▶ **YOUR OBJECTIVE**:
Look at the entries below and restate word for word the lines from the first through the one that has "Balcone a Lisbona, asciugare".
*** GIVEN INFORMATION Section Begins ***
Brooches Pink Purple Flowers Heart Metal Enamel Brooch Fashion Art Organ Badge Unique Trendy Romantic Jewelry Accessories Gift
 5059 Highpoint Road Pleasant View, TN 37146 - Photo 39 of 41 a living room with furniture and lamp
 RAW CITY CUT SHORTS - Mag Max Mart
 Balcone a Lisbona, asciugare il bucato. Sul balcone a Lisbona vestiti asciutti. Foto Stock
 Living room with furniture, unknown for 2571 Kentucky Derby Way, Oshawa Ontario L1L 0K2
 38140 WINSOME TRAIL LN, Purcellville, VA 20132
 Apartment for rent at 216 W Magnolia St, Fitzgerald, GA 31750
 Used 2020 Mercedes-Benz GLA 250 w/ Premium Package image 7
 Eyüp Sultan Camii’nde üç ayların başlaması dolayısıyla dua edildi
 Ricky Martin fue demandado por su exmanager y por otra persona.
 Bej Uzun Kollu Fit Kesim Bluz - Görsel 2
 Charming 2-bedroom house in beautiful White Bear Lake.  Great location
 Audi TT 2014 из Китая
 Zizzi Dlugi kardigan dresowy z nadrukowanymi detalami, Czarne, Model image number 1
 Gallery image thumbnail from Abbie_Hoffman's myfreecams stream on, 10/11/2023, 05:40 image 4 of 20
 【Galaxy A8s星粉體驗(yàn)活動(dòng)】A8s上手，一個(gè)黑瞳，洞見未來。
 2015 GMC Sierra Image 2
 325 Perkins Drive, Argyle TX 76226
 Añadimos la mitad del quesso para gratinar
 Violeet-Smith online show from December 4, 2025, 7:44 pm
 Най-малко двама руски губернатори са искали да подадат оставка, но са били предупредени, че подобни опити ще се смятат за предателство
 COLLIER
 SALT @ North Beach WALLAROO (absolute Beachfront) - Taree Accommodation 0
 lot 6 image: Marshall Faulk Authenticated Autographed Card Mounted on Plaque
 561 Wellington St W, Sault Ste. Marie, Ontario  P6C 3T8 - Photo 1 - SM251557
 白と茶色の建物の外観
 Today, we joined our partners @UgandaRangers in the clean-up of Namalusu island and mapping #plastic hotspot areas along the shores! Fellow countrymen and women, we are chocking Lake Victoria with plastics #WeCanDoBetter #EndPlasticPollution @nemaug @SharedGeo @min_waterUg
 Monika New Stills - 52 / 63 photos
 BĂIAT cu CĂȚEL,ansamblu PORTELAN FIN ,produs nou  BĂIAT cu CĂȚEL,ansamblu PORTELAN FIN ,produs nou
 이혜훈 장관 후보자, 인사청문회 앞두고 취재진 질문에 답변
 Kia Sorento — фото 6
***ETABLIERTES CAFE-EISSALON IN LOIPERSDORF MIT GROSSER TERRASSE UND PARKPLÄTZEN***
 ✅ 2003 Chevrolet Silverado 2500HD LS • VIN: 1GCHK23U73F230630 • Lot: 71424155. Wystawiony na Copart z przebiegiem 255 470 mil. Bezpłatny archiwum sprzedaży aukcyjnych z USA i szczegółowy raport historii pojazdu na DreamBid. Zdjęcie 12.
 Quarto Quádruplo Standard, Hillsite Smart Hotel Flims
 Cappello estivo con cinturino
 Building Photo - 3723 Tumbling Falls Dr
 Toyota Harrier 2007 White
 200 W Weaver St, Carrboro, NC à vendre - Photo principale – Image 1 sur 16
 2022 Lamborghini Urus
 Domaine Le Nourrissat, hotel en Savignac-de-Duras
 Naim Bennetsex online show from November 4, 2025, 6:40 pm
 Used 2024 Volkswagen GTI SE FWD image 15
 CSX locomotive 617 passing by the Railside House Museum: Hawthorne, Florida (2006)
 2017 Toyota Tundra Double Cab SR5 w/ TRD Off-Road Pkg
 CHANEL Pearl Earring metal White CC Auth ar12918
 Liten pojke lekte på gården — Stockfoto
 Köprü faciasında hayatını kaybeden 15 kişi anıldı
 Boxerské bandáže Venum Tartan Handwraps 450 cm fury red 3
*** GIVEN INFORMATION Section Ends ***
▶ **SOLUTION TO THIS PROBLEM**:
Brooches Pink Purple Flowers Heart Metal Enamel Brooch Fashion Art Organ Badge Unique Trendy Romantic Jewelry Accessories Gift
 5059 Highpoint Road Pleasant View, TN 37146 - Photo 39 of 41 a living room with furniture and lamp
 RAW CITY CUT SHORTS - Mag Max Mart
 Balcone a Lisbona, asciugare il bucato. Sul balcone a Lisbona vestiti asciutti. Foto Stock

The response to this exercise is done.